====== Data excerpts

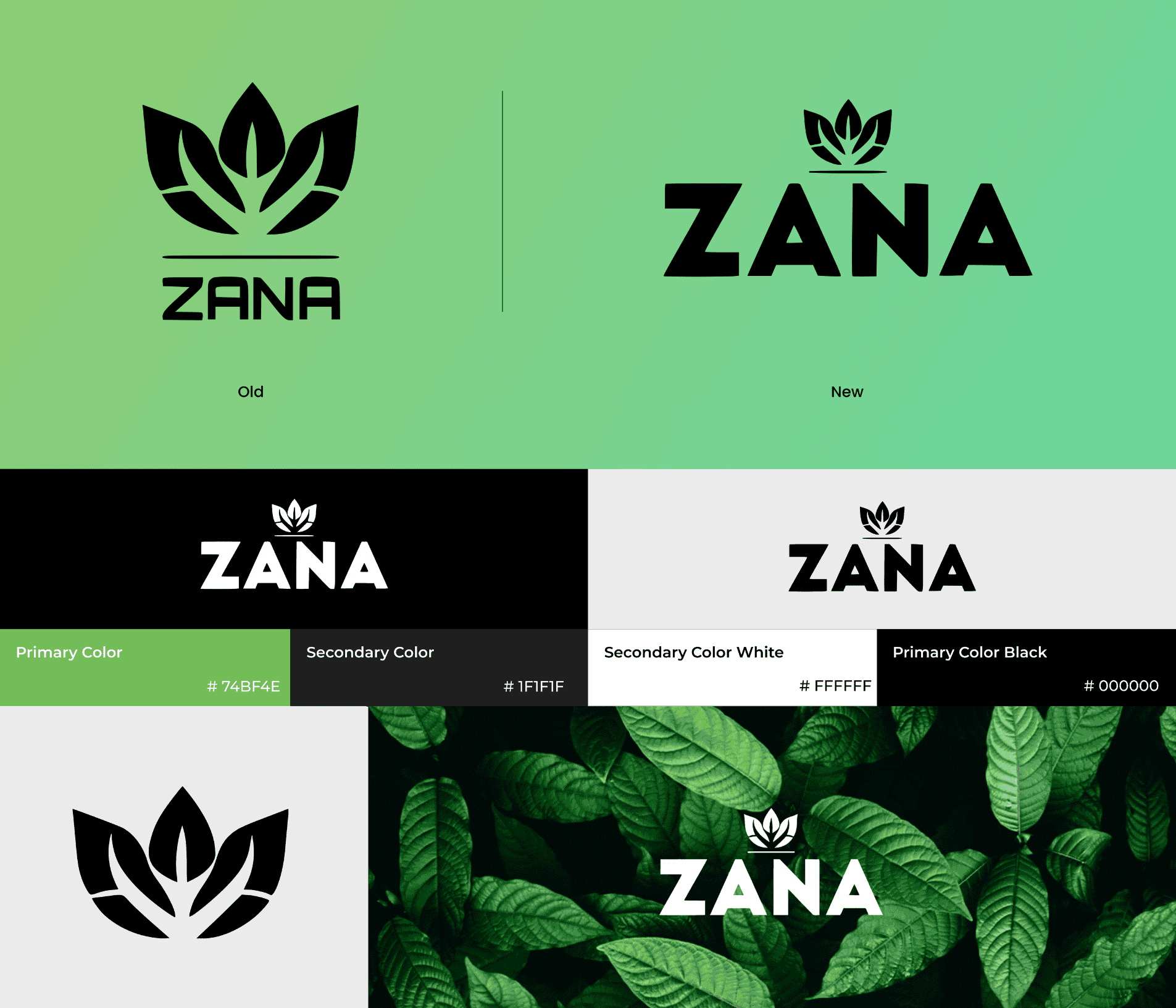 Zana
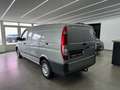 Mercedes-Benz Vito 113 CDI Kasten Lang*Klima*PDC*AHK*Tempomat* Silber - thumbnail 4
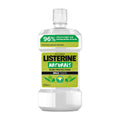 LISTERINE Naturals Zahnfleischschutz Mundspülung, 500 mL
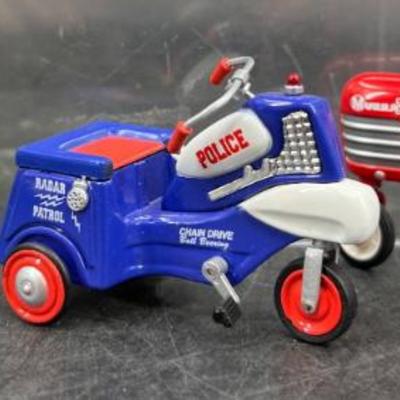 Sale Photo Thumbnail #53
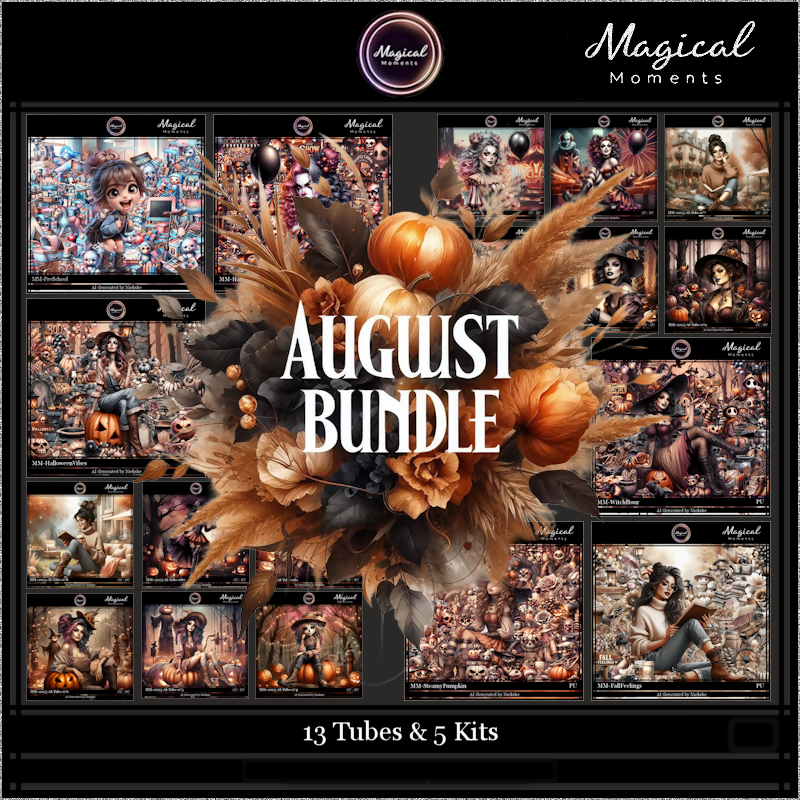 Bundle-August-2025-preview1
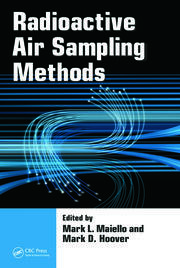 Radioactive Air Sampling Methods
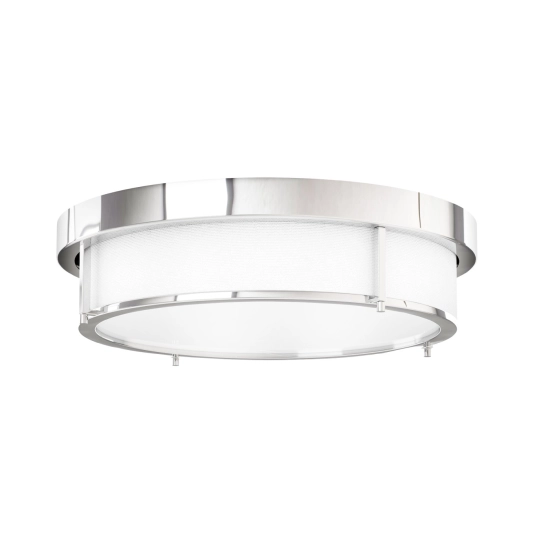 kinkiecik.pl Romi PL Cromo 50 OR84924 ORLICKI DESIGN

============

* _What you have to do_:
Could you repeat all of the entries exactly, without any of the images?

* _Exercise answer_:
 Zana
 Mercedes-Benz Vito 113 CDI Kasten Lang*Klima*PDC*AHK*Tempomat* Silber - thumbnail 4
 LISTERINE Naturals Zahnfleischschutz Mundspülung, 500 mL
 Sale Photo Thumbnail #53
 Bundle-August-2025-preview1
 Radioactive Air Sampling Methods
 kinkiecik.pl Romi PL Cromo 50 OR84924 ORLICKI DESIGN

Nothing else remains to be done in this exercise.